I have read 4 books in the last three months and here are the breakdowns and my review of each:
but first,
I started a reading journal (drumrolls, please). I was inspired from this booktoker known as willowbiblio, she does the most beautiful and informative reading journals and so there has been a meek attempt at starting my own reading journal.

Never let Me Go
Kazuo Ishiguro
“We took away your art because we thought it would reveal your souls. Or to put it more finely, we did it to prove you had souls at all.”
I have been waiting to read an Ishiguro novel for a long time, i finally got my hands on Never Let Me Go 2 months ago. To say this book had been a confusing, yet phenomenal journey would be basic. I was very confused & lost in the first few chapters, trying to understand the world of Tommy, Ruth & Kathy. On the other hand, Hailsham was very easy to decipher, very simple to picture, as if i had already been to Hailsham. The further i made into Ishiguro’s world, the more i felt like a student at hailsham. I am sorry but no i cannot be a student at hailsham, i do not have the capacity to understand what it is to be brought up like any other normal person, with dreams and hopes and romanticised futures but then, to be revealed that you are not nurtured to join a fast-paced world to chase your dreams, but a world where you are the catalyst to support that fast-paced dream but of someone else, someone who is supposedly your replica, someone who you could be but aren’t. So no, i cannot be a student at Hailsham. I couldn’t think of passing, completing only because i have sold myself to save someone else, someone who isn’t even in the spectra of the people i love.

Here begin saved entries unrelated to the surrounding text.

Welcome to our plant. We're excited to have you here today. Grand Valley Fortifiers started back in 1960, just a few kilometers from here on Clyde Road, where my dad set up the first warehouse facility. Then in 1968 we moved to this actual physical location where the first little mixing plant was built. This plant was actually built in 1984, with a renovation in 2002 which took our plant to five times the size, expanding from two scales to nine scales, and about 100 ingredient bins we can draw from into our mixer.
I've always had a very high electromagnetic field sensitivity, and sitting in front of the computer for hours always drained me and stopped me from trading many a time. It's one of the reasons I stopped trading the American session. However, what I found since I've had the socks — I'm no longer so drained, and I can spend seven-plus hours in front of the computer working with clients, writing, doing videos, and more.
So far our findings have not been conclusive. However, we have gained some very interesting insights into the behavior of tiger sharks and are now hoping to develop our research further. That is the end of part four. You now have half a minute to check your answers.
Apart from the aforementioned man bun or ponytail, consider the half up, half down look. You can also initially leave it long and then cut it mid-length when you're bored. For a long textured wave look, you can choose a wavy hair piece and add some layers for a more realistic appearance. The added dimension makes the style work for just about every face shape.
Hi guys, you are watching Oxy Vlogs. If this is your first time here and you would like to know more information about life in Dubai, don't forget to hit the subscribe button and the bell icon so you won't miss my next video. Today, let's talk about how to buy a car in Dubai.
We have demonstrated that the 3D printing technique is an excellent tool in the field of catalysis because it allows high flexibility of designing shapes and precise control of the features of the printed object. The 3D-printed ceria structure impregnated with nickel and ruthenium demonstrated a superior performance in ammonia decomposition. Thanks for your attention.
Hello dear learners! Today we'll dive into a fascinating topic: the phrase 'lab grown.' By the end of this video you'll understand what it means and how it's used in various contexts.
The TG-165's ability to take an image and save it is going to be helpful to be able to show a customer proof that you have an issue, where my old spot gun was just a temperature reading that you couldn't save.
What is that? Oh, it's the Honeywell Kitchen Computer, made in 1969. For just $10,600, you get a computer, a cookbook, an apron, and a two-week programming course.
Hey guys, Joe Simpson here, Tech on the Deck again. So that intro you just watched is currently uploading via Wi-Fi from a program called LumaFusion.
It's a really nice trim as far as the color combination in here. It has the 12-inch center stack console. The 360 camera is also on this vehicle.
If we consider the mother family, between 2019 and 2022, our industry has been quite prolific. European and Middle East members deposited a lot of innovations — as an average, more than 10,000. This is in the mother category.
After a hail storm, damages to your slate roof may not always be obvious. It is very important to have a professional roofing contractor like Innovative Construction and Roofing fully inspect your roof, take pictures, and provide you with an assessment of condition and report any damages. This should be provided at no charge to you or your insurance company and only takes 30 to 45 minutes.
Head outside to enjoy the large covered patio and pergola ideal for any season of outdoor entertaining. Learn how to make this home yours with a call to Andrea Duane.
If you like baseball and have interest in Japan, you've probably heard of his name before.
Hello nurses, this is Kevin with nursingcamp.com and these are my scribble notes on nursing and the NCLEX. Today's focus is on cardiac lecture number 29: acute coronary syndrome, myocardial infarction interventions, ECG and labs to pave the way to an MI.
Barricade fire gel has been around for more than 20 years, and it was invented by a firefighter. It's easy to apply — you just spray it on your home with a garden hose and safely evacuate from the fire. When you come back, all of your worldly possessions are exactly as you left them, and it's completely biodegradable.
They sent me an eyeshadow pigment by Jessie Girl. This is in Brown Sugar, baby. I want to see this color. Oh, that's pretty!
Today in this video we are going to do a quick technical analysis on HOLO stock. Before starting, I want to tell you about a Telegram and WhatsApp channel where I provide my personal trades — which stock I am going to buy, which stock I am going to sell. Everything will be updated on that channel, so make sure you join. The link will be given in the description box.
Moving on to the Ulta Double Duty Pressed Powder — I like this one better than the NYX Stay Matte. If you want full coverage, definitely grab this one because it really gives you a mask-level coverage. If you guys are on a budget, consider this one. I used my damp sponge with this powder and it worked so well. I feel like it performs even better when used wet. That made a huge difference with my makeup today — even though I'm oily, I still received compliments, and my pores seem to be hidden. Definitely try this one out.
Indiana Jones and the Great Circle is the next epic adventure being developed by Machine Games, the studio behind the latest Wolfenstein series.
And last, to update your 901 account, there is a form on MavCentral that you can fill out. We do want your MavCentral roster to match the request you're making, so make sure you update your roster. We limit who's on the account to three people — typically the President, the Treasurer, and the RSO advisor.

This book deals with identity, friendship, love & most importantly it questions, what it is to be human. Apart from the ethical conundrum on cloning, it makes you wonder and ask the questions of life itself, of purpose and identity, of people who are brought up with the idea that they aren’t human, looking human and feeling like an human are two different things.
As the gallery entails and as madam so clearly states later to kathy and tommy that the purpose of their creativity was to prove the existence of their souls. After all, creativity isn’t just an expression of art but it is also the way our soul speaks, paints over what we can’t put into words and fixes something broken inside us that science and math cannot. Art is to live & to live is art.
“Memories, even your most precious ones, fade surprisingly quickly. But I don’t go along with that. The memories I value most, I don’t ever see them fading.”
― Kazuo Ishiguro, Never Let Me Go
As Long as The Lemon Trees Grow
Zoulfa Katouh
“كلُّ ليمونة ستنجب طفلاً ومحال أن ينتهي الليمون
Every lemon will bring forth a child, and the lemons will never die out”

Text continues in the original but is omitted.